Surya pun mengangguk-anggukan kepalanya paham, walaupun dirinya merasa cemburu juga pada Jaiden. Karena Keisha sang pujaan hatinya, menyukai Jaiden lebih dari yang dirinya ketahui.


"Apa kita disini hanya berkeliling saja? Dan kau meminta ku untuk menyorong troli kosong ini," Ucap Surya.


Karena semenjak kedatangan mereka di supermarket tadi, Keisha meminta Surya untuk mengambil troli dan mendorongnya. Padahal Keisha sendiri pun tidak tahu, kenapa dirinya mengajak Surya ke supermarket.

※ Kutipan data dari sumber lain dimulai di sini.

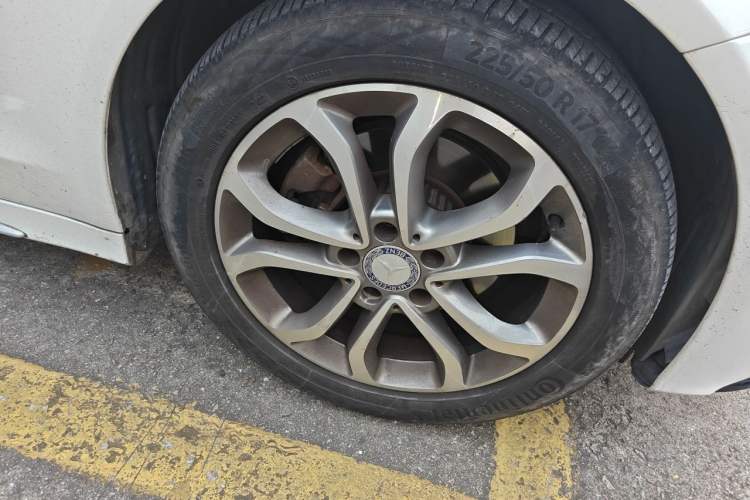 Used Mercedes-Benz C-Class 2017 C 180 L Sport Edition Right Front Wheel Hub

"Aku binggung," Sahut Keisha.


"Tentang perasaanmu?" Tanya Surya.


Keisha menggelengkan kepalanya, "Aku binggung kenapa aku datang ke supermarket?" Tanya Keisha.


Lantas Surya memutar bola matanya malas, "Menyebalkan sekali!" Ucap Surya, dan memilih untuk berjalan terlebih dahulu sembari mendorong troli tadi.


"Jaiden!" Panggil Keira.


Jaiden pun mengalihkan perhatiannya pada sumber suara yang memanggilnya, dan mendapatkan beberapa teman-temannya yang sedang berdiri disana. Lantas Jaiden pun memutuskan, untuk mengajak Thalia berkumpul dengan teman-temannya.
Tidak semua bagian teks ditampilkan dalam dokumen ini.